On Racial Justice, Individual Guilt, and Institutional Responsibility

Even by the degraded standards of contemporary discourse, my Sunday essay last week triggered a volcanic reaction. I was called “loathsome,” “truly despicable,” and “odious” (among other things). In his Monday podcast, my friend Ben Shapiro engaged in an extended critique and (oddly enough) claimed that I was centering policy around “empathy” rather than justice and was abandoning the concept of equal protection of the law.
But this was fiction. That glow you saw on the horizon was the flames of a thousand burning straw men. It’s hard to imagine that Ben even read my essay before he recorded his response. I never even mentioned the word “empathy,” and I unequivocally declared equal protection of the law to be necessary to the ongoing work of racial justice.

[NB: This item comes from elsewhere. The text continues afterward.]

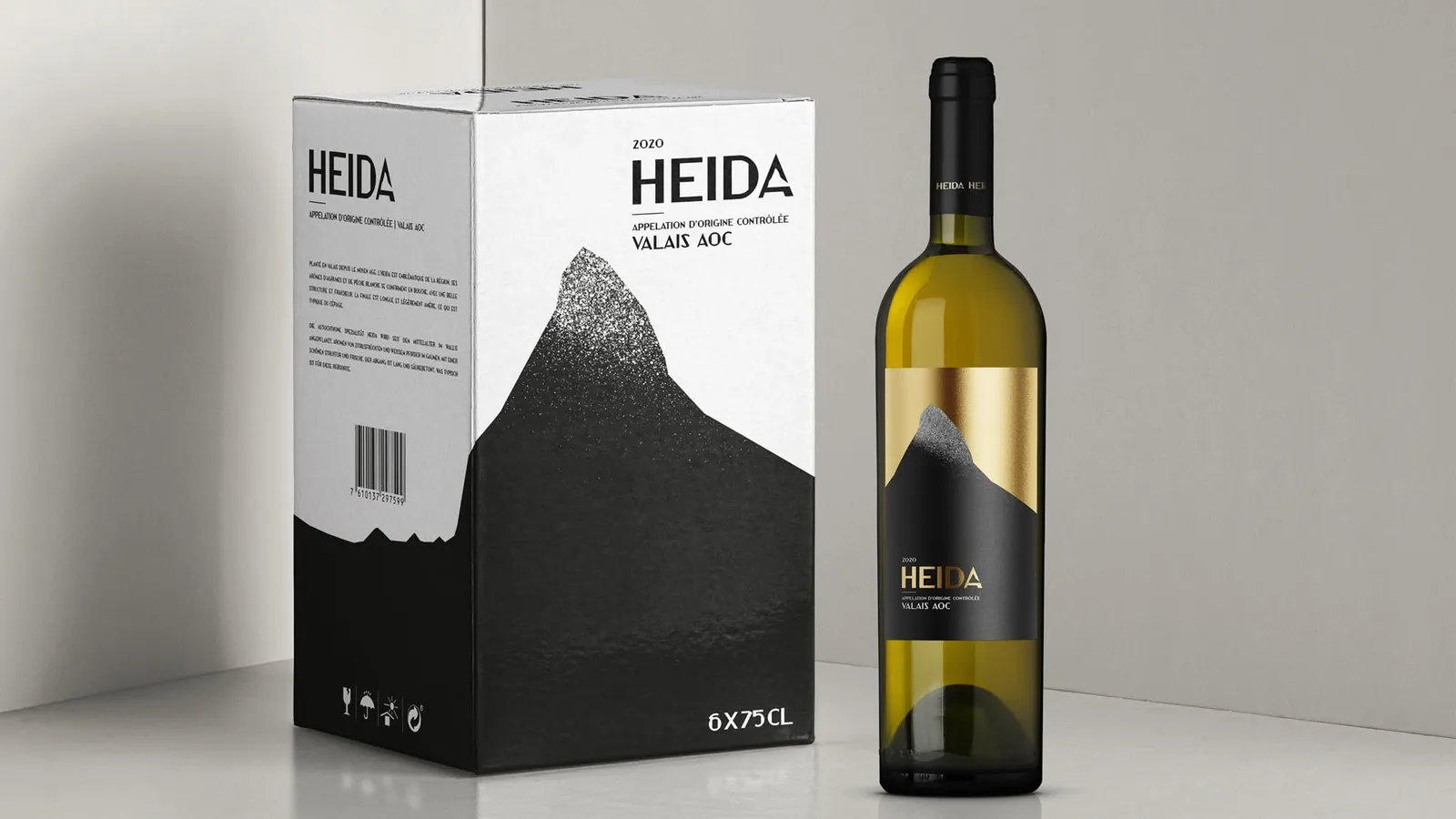 Caixa e garrafa do vinho Heida, Valais AOC, com montanha preta e dourada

Not one of the relatively modest policy recommendations I made (increased respect for property rights to help block NIMBYism, increased school choice to increase educational opportunity, stricter enforcement of the Bill of Rights to prevent exploitation and oppression) contradicts the principle of equality under the law at all.
But the thing that really seemed to make people angry was the (completely false) inference that I was imposing intergenerational guilt for ancestral sin. Critics accused me of imposing “blood guilt” on white people. This is absurd, a bad-faith misreading of my argument. But this misrepresentation does give me an opportunity to discuss a vitally important concept that’s often overlooked within the church—the difference between individual guilt and institutional responsibility, including the individual responsibility to correct the consequences of enduring institutional injustice.

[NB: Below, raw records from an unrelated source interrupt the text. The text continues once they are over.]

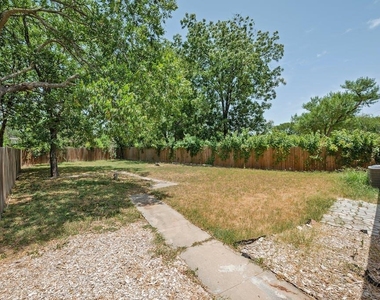 1312 E 52nd St - Photo Thumbnail 17
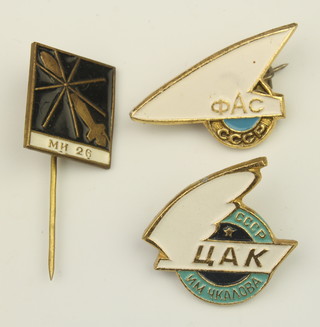 From the estate of Captain Eric M Brown a Soviet Russian gilt metal enamelled lapel pin decorated an MN26 helicopter, a gilt metal and enamelled CCP pin marked UAK, 1 other marked 0AC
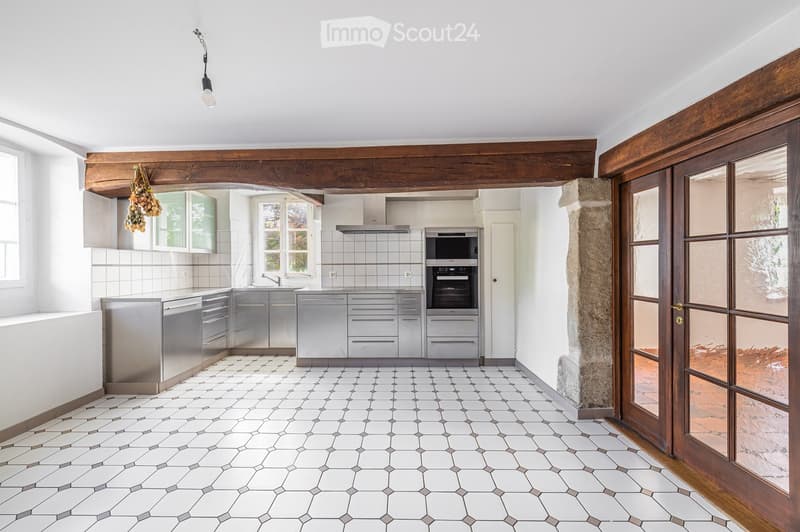 Modern kitchen with stainless steel appliances, white tiled walls, and hexagonal tile flooring. Features include a built-in oven, microwave, and a hanging light fixture.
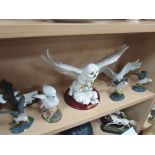 7 bird figurines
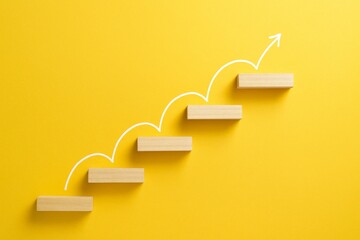 Ascension: A visual representation of growth and advancement, showcasing wooden blocks arranged as steps with an upward-curving arrow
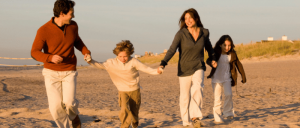 Family of four joyfully running and holding hands on a sandy beach during sunset.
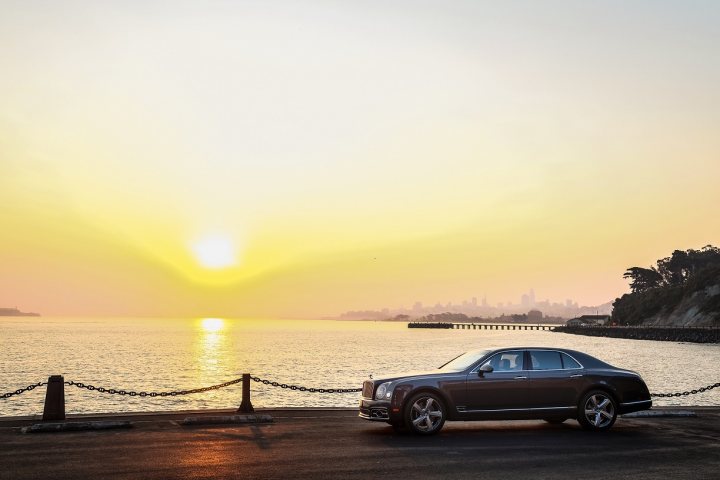 Regular Mulsanne or Speed - Honest advice please? - Page 5 - Rolls Royce & Bentley - PistonHeads - The image captures a serene scene at sunset. A black luxury car, glossy and sleek, is parked on the side of a road adjacent to a body of water. The car's sleek profile contrasts with the rough texture of the concrete road. The road is bordered by a chain, adding a sense of security or restricted access to the scene. Beyond the road, a large body of water stretches out, its surface reflecting the warm hues of the setting sun. In the distance, the faint outlines of a city skyline indicate the presence of civilization on the other side of the water. The sky is painted with soft, golden hues, creating a warm backdrop to the scene. The overall atmosphere of the image is one of tranquility and luxury.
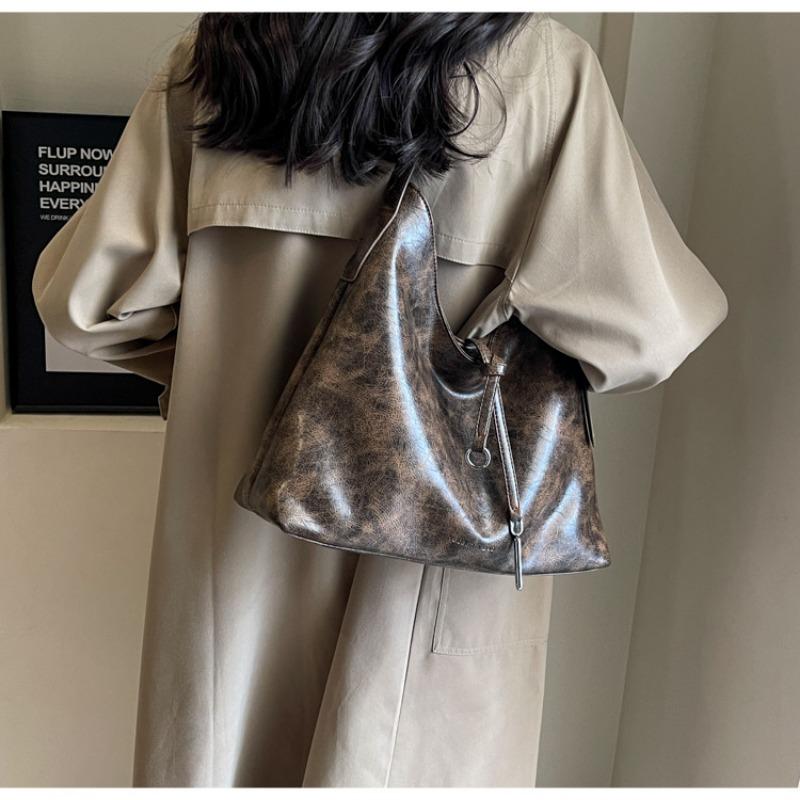 Retro high-end sense fashion large-capacity bag women's new versatile wasteland wind tote bag shoulder bag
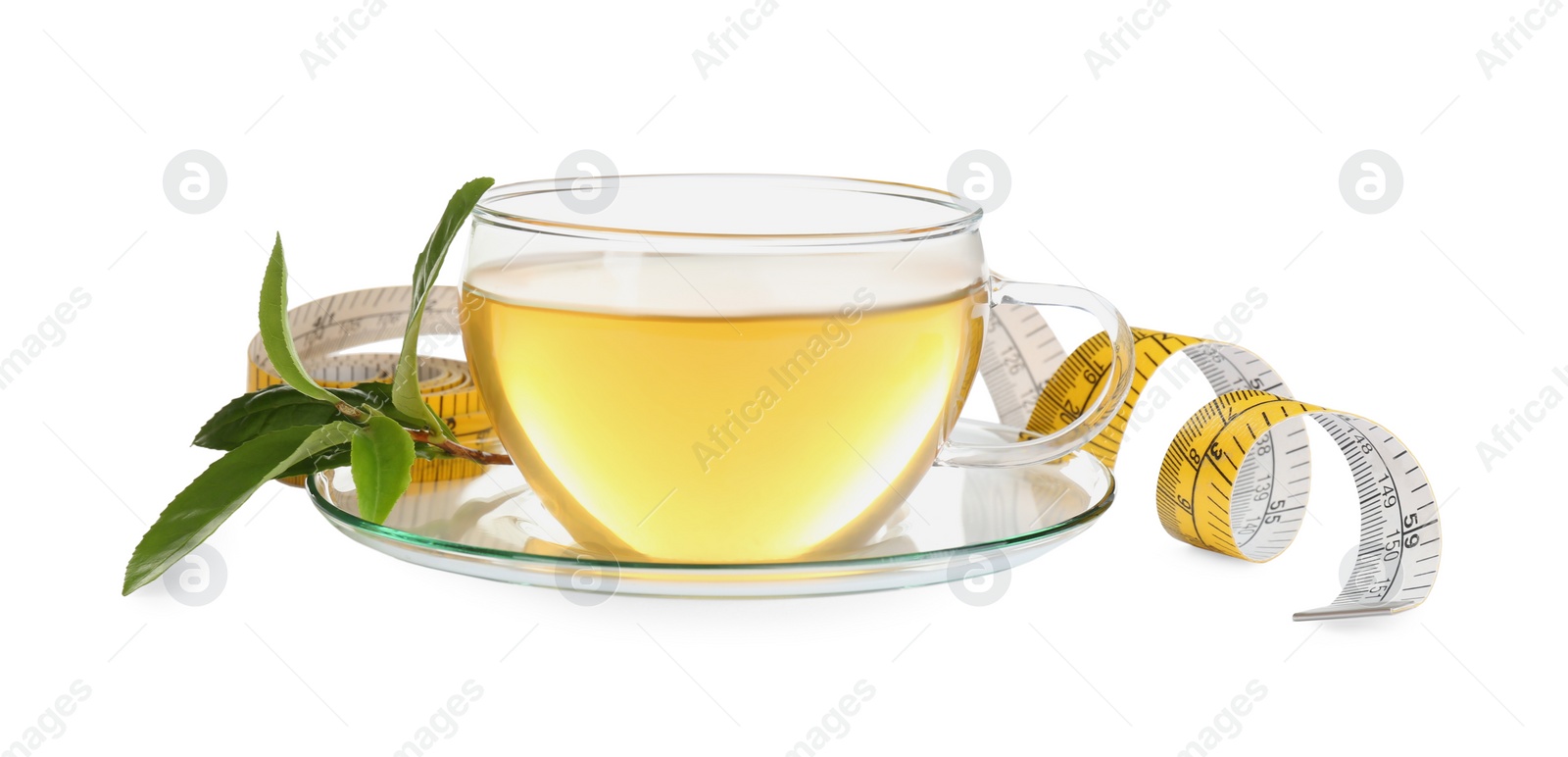 Photo of Glass cup of diet herbal tea, green leaves and measuring tape on white background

Individuals bear the guilt for their own sin, and even the Old Testament—where God frequently, clearly, and explicitly held nations responsible for institutional sin—contains passages like this, from Ezekiel: “The soul who sins shall die. The son shall not suffer for the iniquity of the father, nor the father suffer for the iniquity of the son. The righteousness of the righteous shall be upon himself, and the wickedness of the wicked shall be upon himself.”